| Problem details |
Make an exact copy of the entries below with the pictures removed.

#####

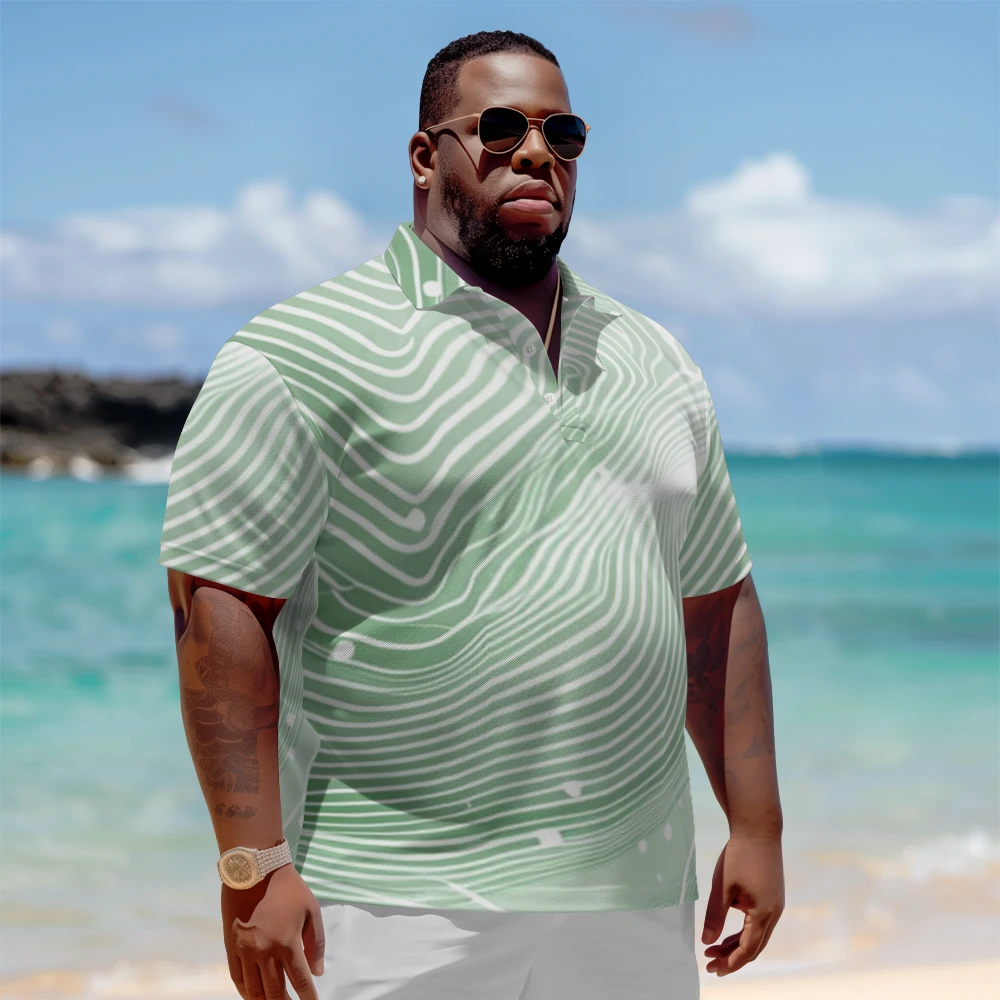 1 men's plus size polo shirt with summer light green line printed casual collar button suitable for shopping and golf
1 men's plus size polo shirt with summer light green line printed casual collar button suitable for shopping and golf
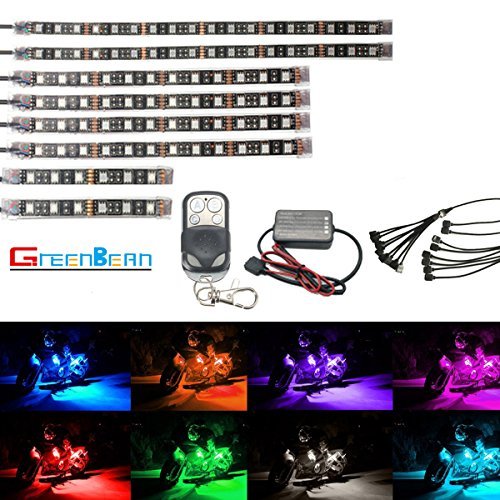 楽天FleumeGREENBEAN バイク用 RGB LEDテープライト オートバイ イルミネーション LEDテールランプ ストリップライト フルカラー 防水仕様 8本セット リモコン付き SMDLEDタイプ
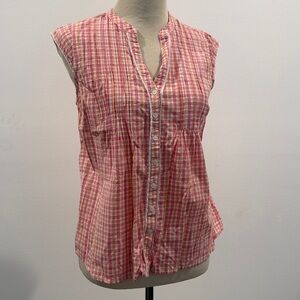 Pair of Vintage Gloria Vanderbilt Blue Pink Checkered Blouses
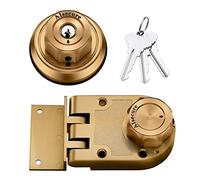 AIsecure Twist to Lock Jimmy Proof Deadbolt Lock Keyless with Unpickable Night Latch&Anti-Mislock Button,304 Stainless Steel Heavy Guard Security Single Cylinder&SC Keys,Prohibits Forced Entry,Brass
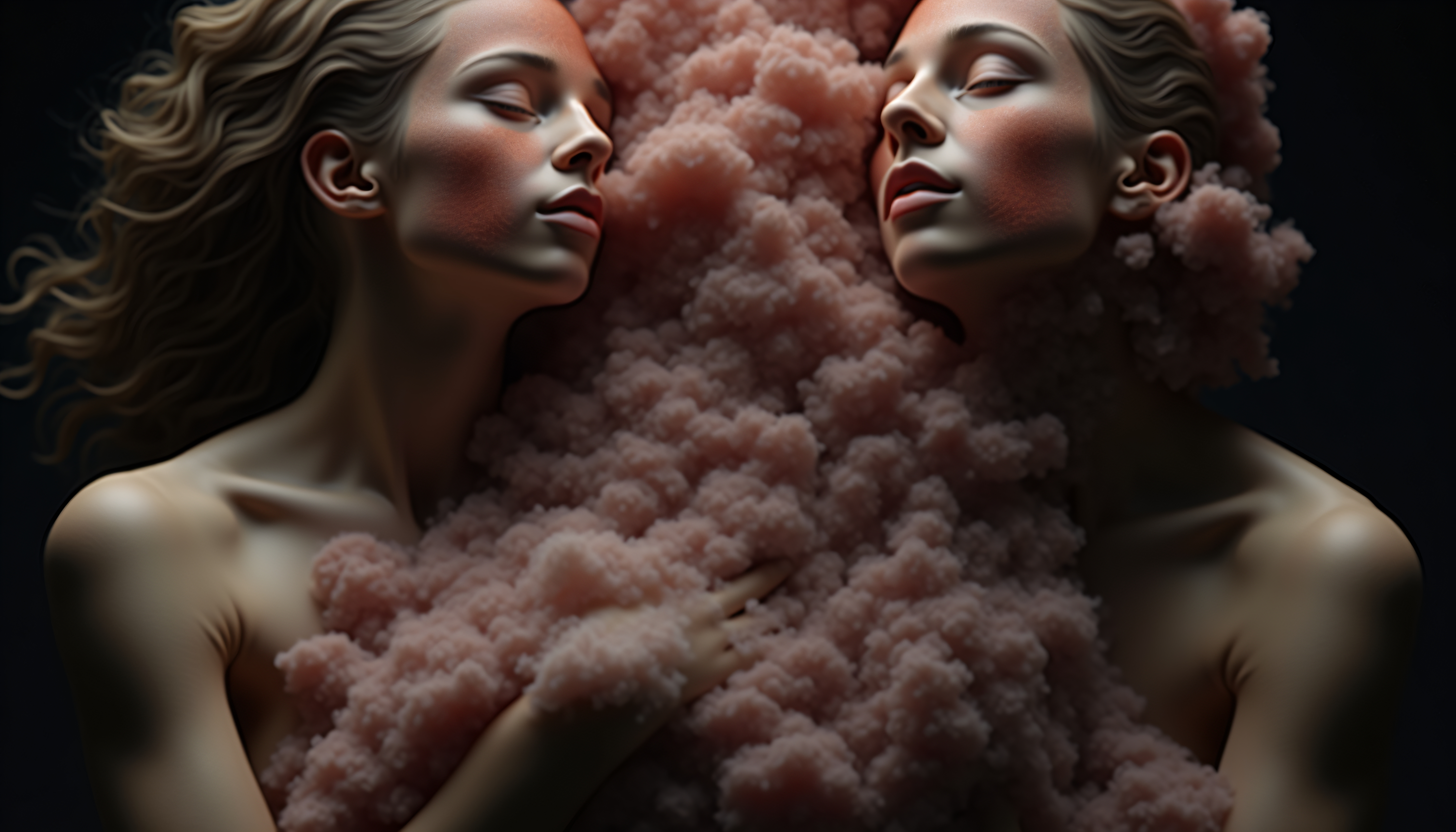 Two figures surrounded by soft, pink, cloud-like texture convey serenity and introspection.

#####

| Solution to the exercise |
 1 men's plus size polo shirt with summer light green line printed casual collar button suitable for shopping and golf
1 men's plus size polo shirt with summer light green line printed casual collar button suitable for shopping and golf
 楽天FleumeGREENBEAN バイク用 RGB LEDテープライト オートバイ イルミネーション LEDテールランプ ストリップライト フルカラー 防水仕様 8本セット リモコン付き SMDLEDタイプ
 Pair of Vintage Gloria Vanderbilt Blue Pink Checkered Blouses
 AIsecure Twist to Lock Jimmy Proof Deadbolt Lock Keyless with Unpickable Night Latch&Anti-Mislock Button,304 Stainless Steel Heavy Guard Security Single Cylinder&SC Keys,Prohibits Forced Entry,Brass
 Two figures surrounded by soft, pink, cloud-like texture convey serenity and introspection.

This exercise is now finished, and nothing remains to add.